» Exercise requirements: Report the number of lines in the records below that hold "Image", and leave out everything else.
Data in this exercise Block Start
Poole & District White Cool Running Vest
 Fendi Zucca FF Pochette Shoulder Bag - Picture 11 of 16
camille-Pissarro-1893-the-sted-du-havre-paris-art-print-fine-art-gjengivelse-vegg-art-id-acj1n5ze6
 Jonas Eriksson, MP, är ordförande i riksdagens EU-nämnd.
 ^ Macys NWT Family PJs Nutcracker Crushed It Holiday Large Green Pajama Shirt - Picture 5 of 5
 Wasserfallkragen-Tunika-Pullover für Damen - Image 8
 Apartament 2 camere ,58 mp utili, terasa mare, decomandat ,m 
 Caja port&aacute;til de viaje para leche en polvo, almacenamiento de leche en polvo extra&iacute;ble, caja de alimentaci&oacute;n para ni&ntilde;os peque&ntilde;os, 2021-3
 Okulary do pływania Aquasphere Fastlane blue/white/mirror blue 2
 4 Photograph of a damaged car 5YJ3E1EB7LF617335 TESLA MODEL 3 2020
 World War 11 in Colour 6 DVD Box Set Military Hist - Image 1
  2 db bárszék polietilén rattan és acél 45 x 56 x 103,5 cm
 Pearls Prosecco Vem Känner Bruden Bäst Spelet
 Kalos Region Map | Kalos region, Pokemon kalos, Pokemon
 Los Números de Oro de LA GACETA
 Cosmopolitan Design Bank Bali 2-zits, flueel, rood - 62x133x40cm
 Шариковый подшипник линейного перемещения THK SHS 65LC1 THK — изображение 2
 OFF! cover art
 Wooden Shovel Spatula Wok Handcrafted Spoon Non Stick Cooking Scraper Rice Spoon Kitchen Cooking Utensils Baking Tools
Data in this exercise Block End
» Solution to this exercise: 2